Of course, Copacabana hasn’t always been as it is today, and traces remain of the former fishing community that dominated the area until the first decades of the twentieth century. Each morning before dawn, the boats of the colônia de pescadores (the descendants of the fishermen) set sail from the Forte de Copacabana, returning to the beach by 8am to sell their fish from stalls at the southern end of the beach. Rio’s sophisticated beach culture is entirely a product of the twentieth century.
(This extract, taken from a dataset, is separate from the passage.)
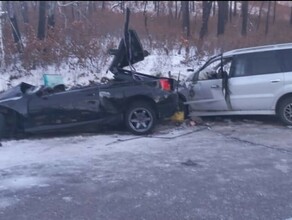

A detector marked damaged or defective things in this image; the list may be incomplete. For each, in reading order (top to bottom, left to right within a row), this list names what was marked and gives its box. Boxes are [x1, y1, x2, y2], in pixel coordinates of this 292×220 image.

severely damaged black car [0, 9, 179, 139]
damaged silver minivan [179, 43, 292, 125]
The 1930s saw the city’s international reputation emerge and “flying down to Rio” became an enduring cliché, celebrated in music, film and literature. Nonetheless, Rio’s beaches are first and foremost the preserve of cariocas: rich or poor, young or old, everybody descends on the beaches throughout the week, treating them as city parks. Copacabana is amazing, the over-the-top atmosphere apparent even in the mosaic pavements, designed by Burle Marx to represent images of rolling waves.
The seafront is backed by a line of prestigious, high-rise hotels and luxury apartments that have sprung up since the 1940s. Some fine examples of Art Deco architecture are scattered around the bairro.